I am using a private range at home, so NAT is what I require, last time I had a FreeBSD router it just worked out the box, I don't know if I am having a router issue or PPPoE+nat issue.


----------



## maquis196 (Aug 25, 2013)

I did put my `netstat -r` output in another post, but I have to wait for a moderator to accept it.


----------



## SirDice (Aug 26, 2013)

You're going to have to use one of the firewalls to enable NAT. Routing works out of the box (gateway_enable), NAT doesn't. And you need NAT because you're using RFC1918 addresses internally.


----------



## maquis196 (Aug 26, 2013)

SirDice said:
			
		

> You're going to have to use one of the firewalls to enable NAT. Routing works out of the box (gateway_enable), NAT doesn't. And you need NAT because you're using RFC1918 addresses internally.

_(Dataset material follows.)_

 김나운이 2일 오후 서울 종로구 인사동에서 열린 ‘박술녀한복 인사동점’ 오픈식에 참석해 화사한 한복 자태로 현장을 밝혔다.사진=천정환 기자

Ah, I thought as much, just needed confirmation that I wasn't overlooking something simple. I think I had it working once a while ago on a different network without NAT and it threw me off for this.

Cheers @SirDice.


----------



## ondra_knezour (Aug 26, 2013)

http://www.freebsd.org/doc/en_US.ISO8859-1/books/handbook/network-natd.html
http://www.freebsd.org/doc/en_US.ISO8859-1/books/handbook/firewalls-pf.html#pftut-gateway


----------



## SirDice (Aug 26, 2013)

I'm not sure but I think PPPoE has some NAT features too. Although I've never used it it may be the reason why you didn't have a firewall on your earlier configuration. 

The reason I've never used it is because I'm always going to enable a firewall anyway, might as well keep everything in one place.


----------



## maquis196 (Aug 26, 2013)

I was planning on using PF for my firewall after I got the routing working. After compiling in PF I have a setup that works for me.

Thanks for the heads up, I'll mark this thread as solved.

Cheers!


----------